Mean-square deviation
At small \(N\), the peak of the density of distribution of deviations of \(A\) from the true value is sharper and have wide "wings", than the Gaussian at the same mean-scare deviation; for \(N=2\) and \(N=3\), the mean-square deviation is not defined as a real number.
The Student Distribution has sense for the analysis or rare phenomena, when new, more accurate measurement happens to be far away from the expected «Gaussian». The new value may happen to be still at the tail of the Student Distribution.

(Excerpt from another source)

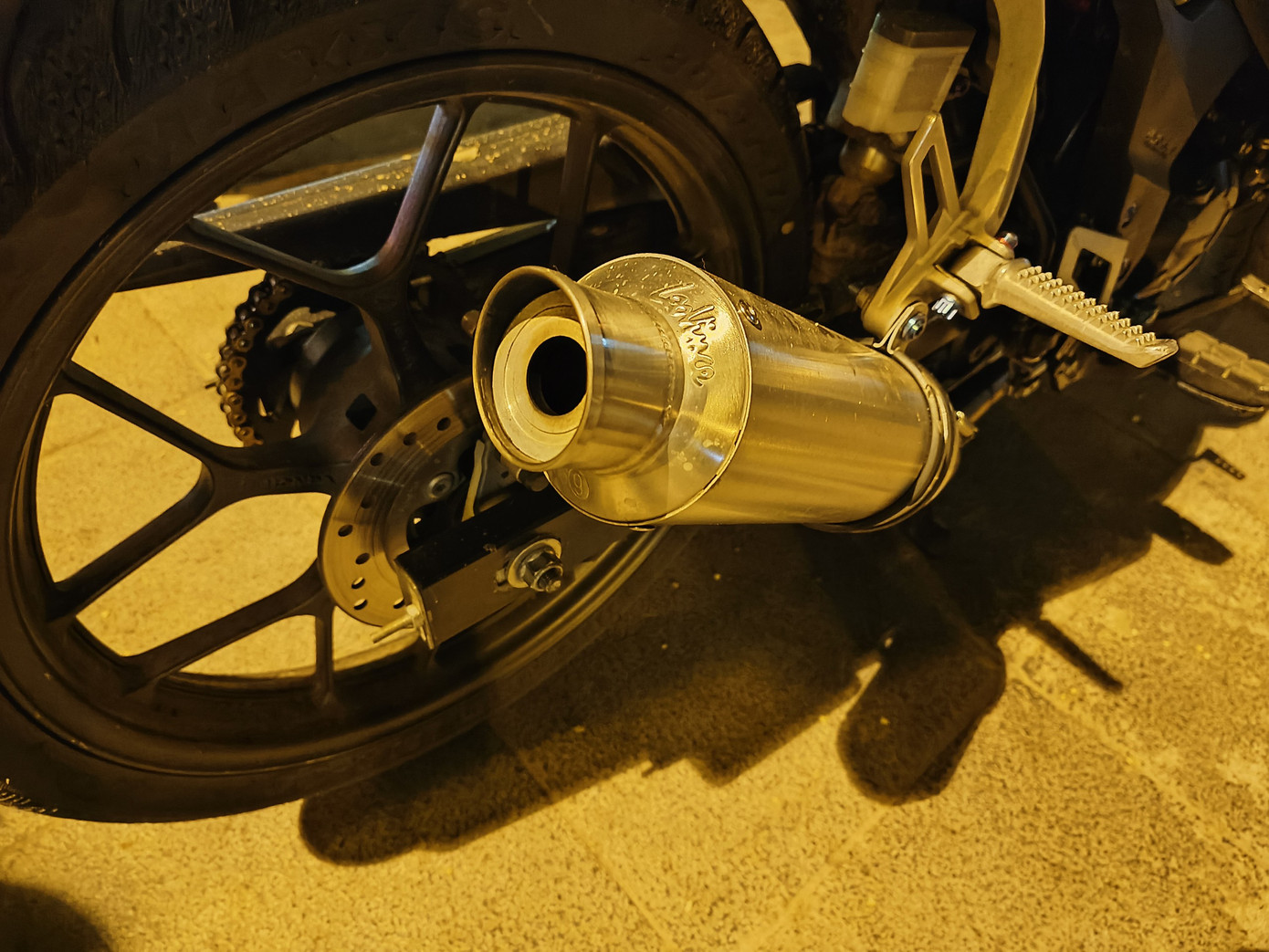 Những chiếc xe máy độ pô gây tiếng động lớn khi di chuyển trên đường.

In the primitive approach, to show the statistical significance of the estimate, instead of the Gaussian bell, the Srudent distribution of the same width should be iused; the first parameter \( \nu=N-1 \), where \(N\) is number or independent measurements performed.
For \(N\) measurements, the distribution of the averaged results can be expressed with function \(\mathrm{Student}_{N-1} \)
For the Student distribution, the variance
\(\displaystyle V_n=\int_{-\infty}^{\infty} \mathrm{Student}(n,x) \ x^2 \mathrm d x = \frac{n}{n-2} \)
with \( n = N\!-\!1 \).
The mean square deviation is
\( \displaystyle S_n = \sqrt{V_n}=\sqrt{\frac{n}{n\!-\!2}}=\sqrt{\frac{N\!-\!1}{N\!-\!3}} \)
At least 4 measurements (\(n\!=\!3\) , \(N\!=\!4\)) are necessary in order to characterize, how close to the «true value» \(A\) the estimate \(a_0\) is expected to happen, in terms of the mean-square deviation.
Advanced
The less data one has, the more advanced formalism should be applied to use them well.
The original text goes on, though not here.